Caption-style text data
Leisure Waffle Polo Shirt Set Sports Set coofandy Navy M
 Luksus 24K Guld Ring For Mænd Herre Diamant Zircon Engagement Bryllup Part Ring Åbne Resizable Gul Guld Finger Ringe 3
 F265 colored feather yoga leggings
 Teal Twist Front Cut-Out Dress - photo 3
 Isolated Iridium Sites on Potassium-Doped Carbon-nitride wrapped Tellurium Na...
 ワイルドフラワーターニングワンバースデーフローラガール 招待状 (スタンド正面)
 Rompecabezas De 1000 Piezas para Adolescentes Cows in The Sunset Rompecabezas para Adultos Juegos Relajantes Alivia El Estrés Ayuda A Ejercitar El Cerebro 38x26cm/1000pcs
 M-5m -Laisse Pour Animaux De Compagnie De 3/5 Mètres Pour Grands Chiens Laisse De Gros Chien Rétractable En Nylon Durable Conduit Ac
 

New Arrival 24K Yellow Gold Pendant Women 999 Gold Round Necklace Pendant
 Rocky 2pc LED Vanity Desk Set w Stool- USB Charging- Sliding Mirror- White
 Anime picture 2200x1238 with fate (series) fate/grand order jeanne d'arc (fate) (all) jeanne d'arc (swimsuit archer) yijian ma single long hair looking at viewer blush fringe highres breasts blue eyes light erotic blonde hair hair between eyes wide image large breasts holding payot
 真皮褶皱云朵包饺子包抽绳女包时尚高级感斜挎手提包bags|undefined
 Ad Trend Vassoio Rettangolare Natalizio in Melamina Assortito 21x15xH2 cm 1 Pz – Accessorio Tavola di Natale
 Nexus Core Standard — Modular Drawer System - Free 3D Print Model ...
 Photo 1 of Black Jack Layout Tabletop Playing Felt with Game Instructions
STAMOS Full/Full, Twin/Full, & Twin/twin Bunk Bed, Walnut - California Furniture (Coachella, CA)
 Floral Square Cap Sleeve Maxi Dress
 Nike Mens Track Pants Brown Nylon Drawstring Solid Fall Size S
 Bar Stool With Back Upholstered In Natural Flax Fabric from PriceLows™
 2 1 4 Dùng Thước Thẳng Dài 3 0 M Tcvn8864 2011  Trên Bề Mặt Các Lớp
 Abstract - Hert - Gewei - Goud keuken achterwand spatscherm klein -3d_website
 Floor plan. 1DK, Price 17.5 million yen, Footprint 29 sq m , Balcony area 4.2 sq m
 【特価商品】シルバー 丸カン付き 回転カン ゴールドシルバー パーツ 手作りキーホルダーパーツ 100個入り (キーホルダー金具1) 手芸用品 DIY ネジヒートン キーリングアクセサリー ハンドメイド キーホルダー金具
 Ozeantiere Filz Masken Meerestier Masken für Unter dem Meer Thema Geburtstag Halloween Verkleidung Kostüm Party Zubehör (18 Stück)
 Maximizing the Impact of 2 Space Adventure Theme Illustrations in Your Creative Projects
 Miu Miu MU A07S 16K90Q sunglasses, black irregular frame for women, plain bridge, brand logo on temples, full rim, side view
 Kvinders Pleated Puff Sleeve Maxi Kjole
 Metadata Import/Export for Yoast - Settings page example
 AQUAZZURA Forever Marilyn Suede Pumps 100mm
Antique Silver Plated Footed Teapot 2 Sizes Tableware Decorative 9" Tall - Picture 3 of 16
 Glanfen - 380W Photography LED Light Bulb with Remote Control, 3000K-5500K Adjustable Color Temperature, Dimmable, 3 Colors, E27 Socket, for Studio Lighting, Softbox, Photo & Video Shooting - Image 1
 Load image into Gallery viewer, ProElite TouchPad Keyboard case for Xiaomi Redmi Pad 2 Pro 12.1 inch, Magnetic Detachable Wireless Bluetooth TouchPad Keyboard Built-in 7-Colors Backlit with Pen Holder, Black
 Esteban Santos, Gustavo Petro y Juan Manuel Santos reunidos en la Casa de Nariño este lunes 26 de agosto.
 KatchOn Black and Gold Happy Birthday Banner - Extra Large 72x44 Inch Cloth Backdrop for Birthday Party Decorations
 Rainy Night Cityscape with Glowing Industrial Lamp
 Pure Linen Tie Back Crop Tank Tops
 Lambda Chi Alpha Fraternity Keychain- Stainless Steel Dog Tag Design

• Problem to work on:
Precisely the line with "Glanfen - 380W" and the lines after it, up to the last line of the entries above, are to be reproduced, and nothing more.

• Exercise answer:
 Glanfen - 380W Photography LED Light Bulb with Remote Control, 3000K-5500K Adjustable Color Temperature, Dimmable, 3 Colors, E27 Socket, for Studio Lighting, Softbox, Photo & Video Shooting - Image 1
 Load image into Gallery viewer, ProElite TouchPad Keyboard case for Xiaomi Redmi Pad 2 Pro 12.1 inch, Magnetic Detachable Wireless Bluetooth TouchPad Keyboard Built-in 7-Colors Backlit with Pen Holder, Black
 Esteban Santos, Gustavo Petro y Juan Manuel Santos reunidos en la Casa de Nariño este lunes 26 de agosto.
 KatchOn Black and Gold Happy Birthday Banner - Extra Large 72x44 Inch Cloth Backdrop for Birthday Party Decorations
 Rainy Night Cityscape with Glowing Industrial Lamp
 Pure Linen Tie Back Crop Tank Tops
 Lambda Chi Alpha Fraternity Keychain- Stainless Steel Dog Tag Design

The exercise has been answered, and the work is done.